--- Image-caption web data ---
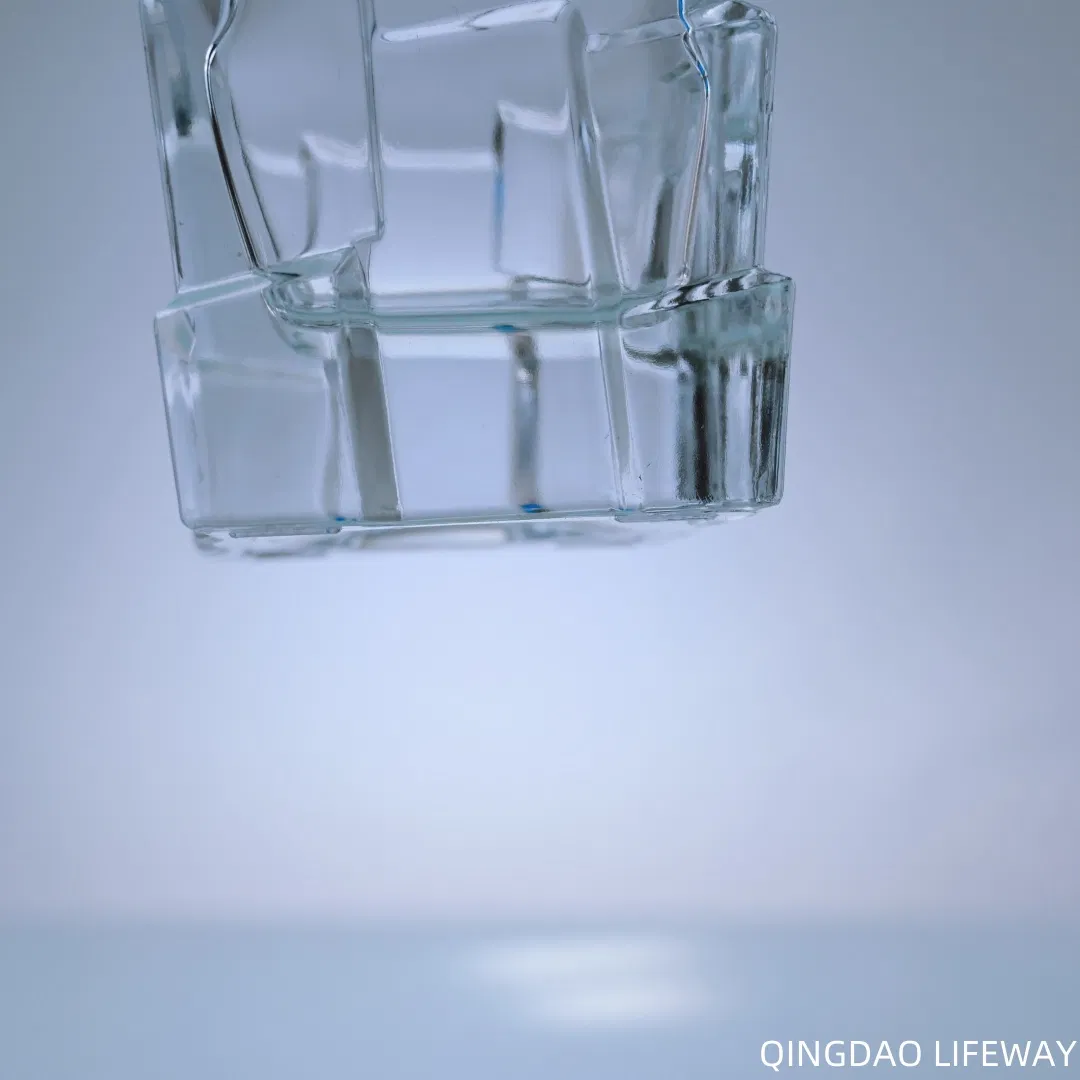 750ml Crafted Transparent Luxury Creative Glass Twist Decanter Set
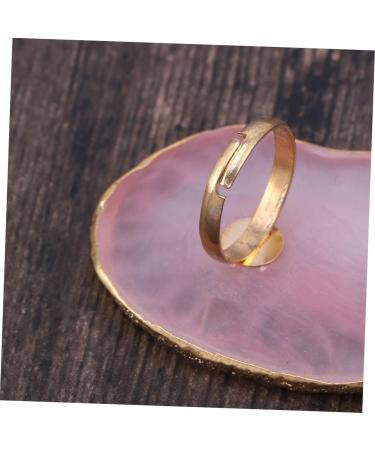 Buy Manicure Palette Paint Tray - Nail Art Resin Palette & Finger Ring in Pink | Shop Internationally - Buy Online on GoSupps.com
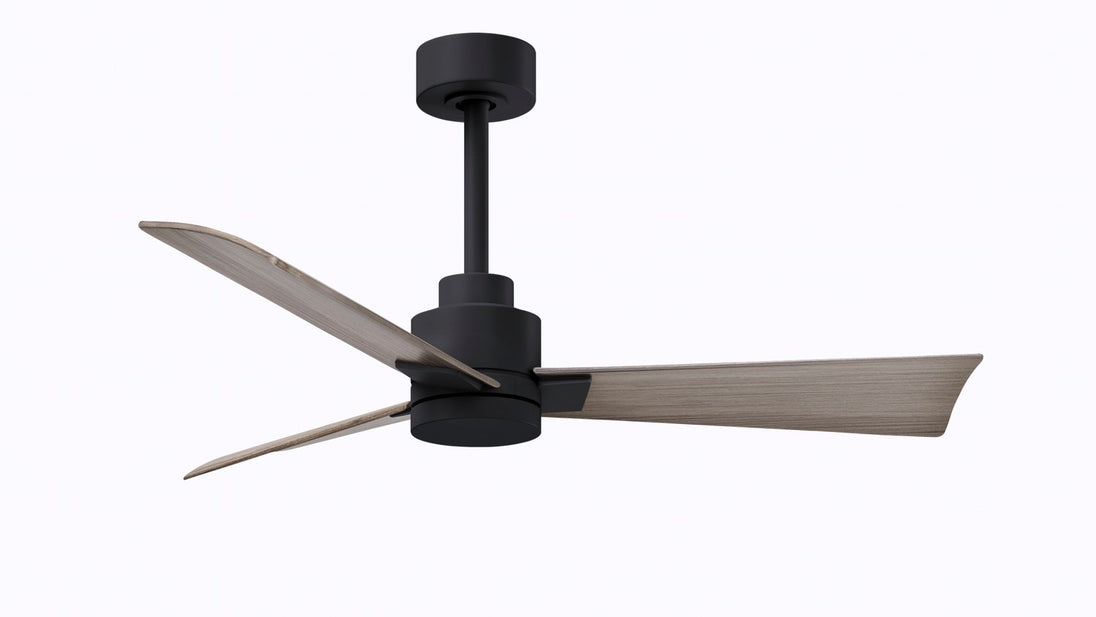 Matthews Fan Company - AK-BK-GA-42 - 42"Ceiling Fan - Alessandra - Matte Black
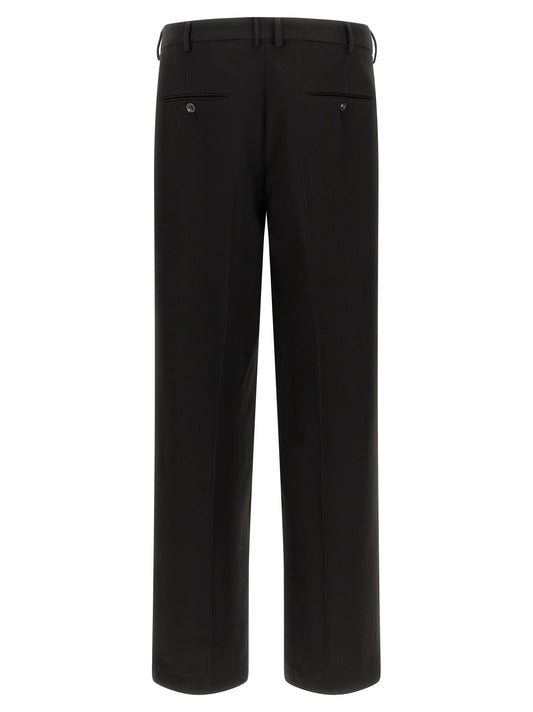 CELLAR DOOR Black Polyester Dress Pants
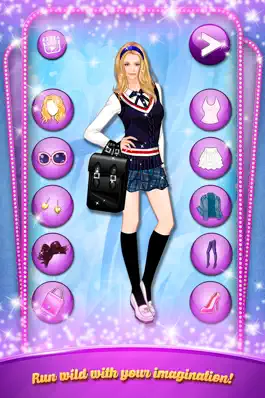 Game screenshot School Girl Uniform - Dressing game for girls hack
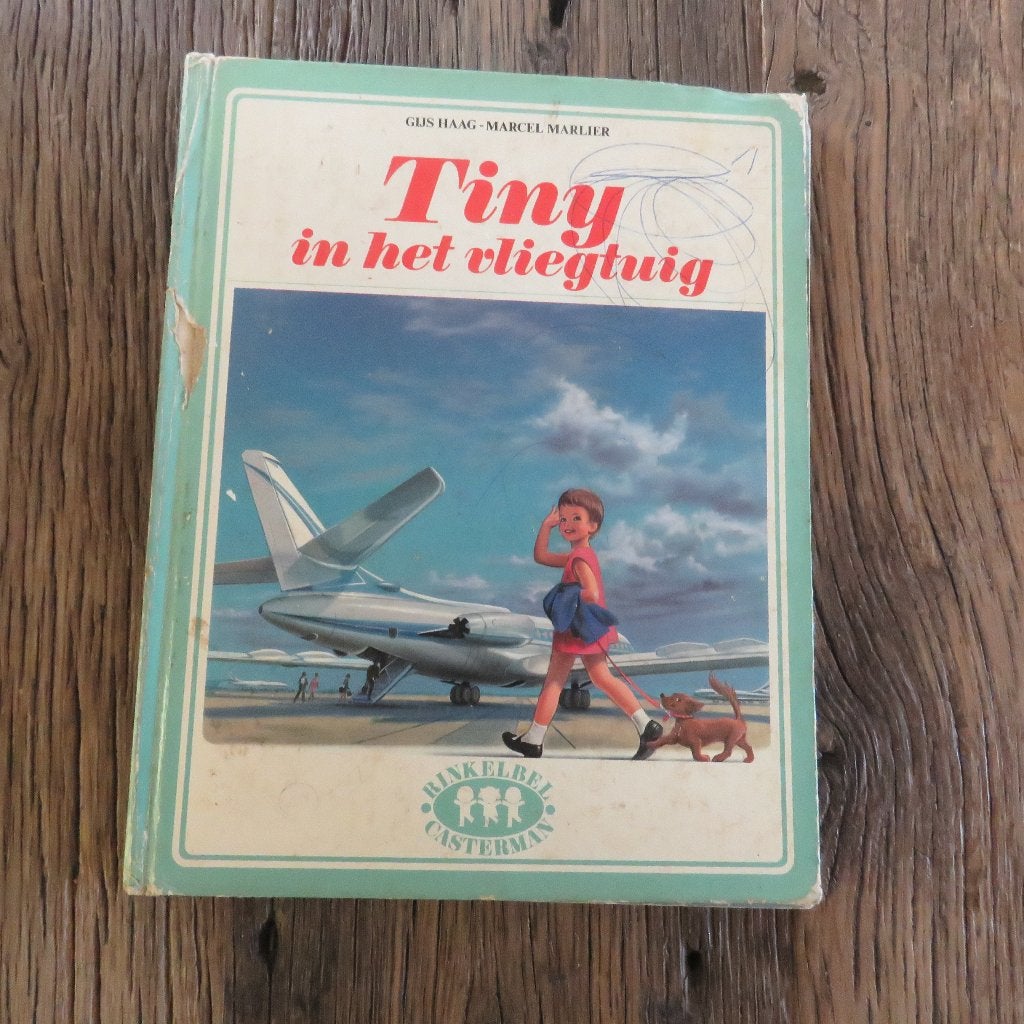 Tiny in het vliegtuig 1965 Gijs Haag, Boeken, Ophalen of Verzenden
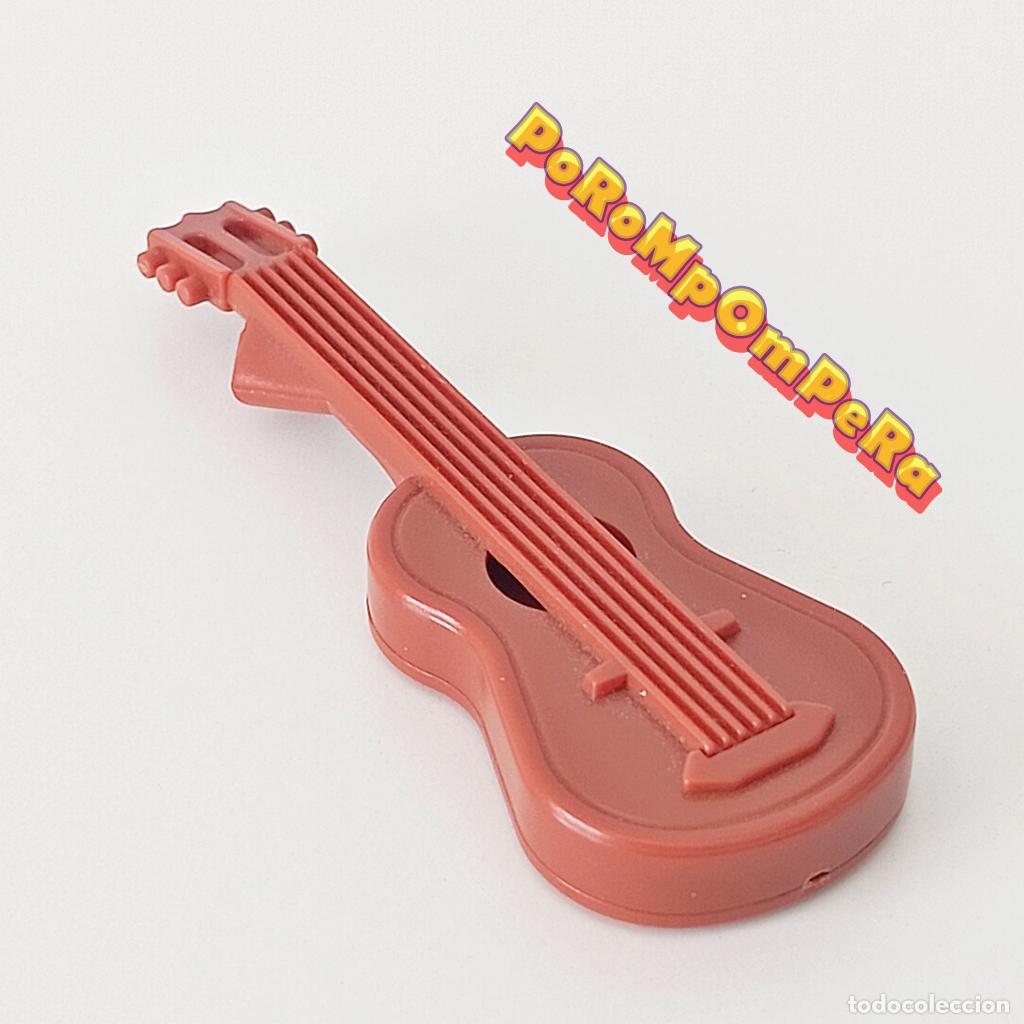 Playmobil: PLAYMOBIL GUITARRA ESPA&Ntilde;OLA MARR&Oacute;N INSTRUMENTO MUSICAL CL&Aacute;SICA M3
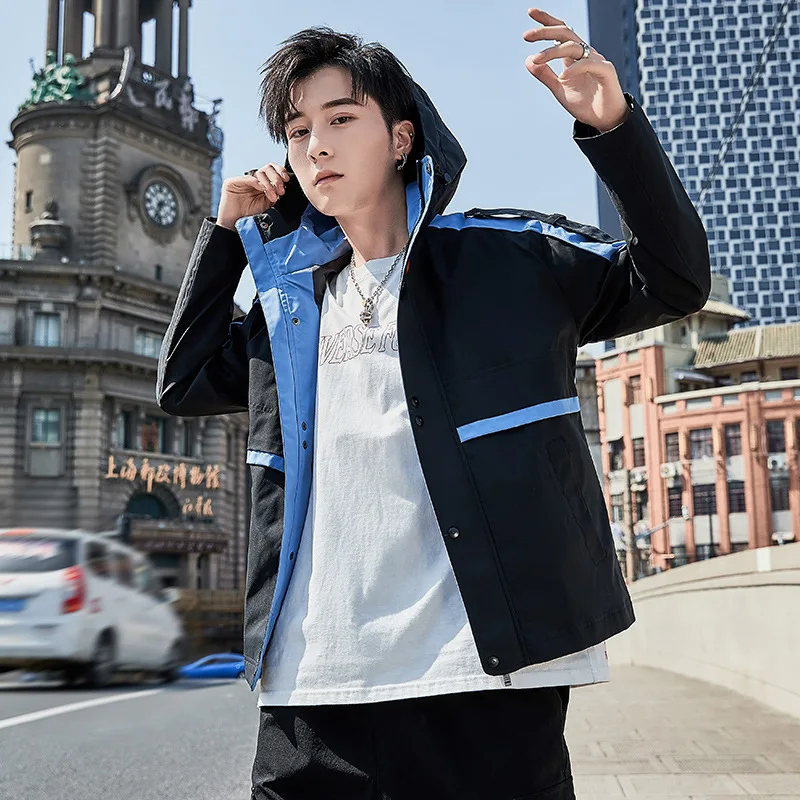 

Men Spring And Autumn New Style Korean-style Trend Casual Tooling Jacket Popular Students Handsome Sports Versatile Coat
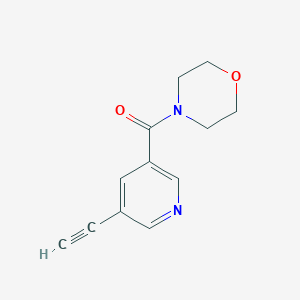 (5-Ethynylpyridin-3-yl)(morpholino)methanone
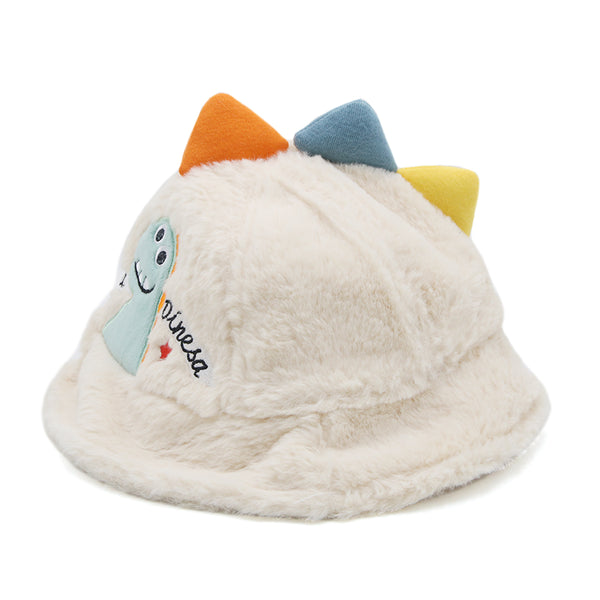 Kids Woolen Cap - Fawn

--- Your assignment ---
Please reproduce the entries above exactly, omitting every picture.

--- Reply ---
 750ml Crafted Transparent Luxury Creative Glass Twist Decanter Set
 Buy Manicure Palette Paint Tray - Nail Art Resin Palette & Finger Ring in Pink | Shop Internationally - Buy Online on GoSupps.com
 Matthews Fan Company - AK-BK-GA-42 - 42"Ceiling Fan - Alessandra - Matte Black
 CELLAR DOOR Black Polyester Dress Pants
 Game screenshot School Girl Uniform - Dressing game for girls hack
 Tiny in het vliegtuig 1965 Gijs Haag, Boeken, Ophalen of Verzenden
 Playmobil: PLAYMOBIL GUITARRA ESPA&Ntilde;OLA MARR&Oacute;N INSTRUMENTO MUSICAL CL&Aacute;SICA M3

Men Spring And Autumn New Style Korean-style Trend Casual Tooling Jacket Popular Students Handsome Sports Versatile Coat
 (5-Ethynylpyridin-3-yl)(morpholino)methanone
 Kids Woolen Cap - Fawn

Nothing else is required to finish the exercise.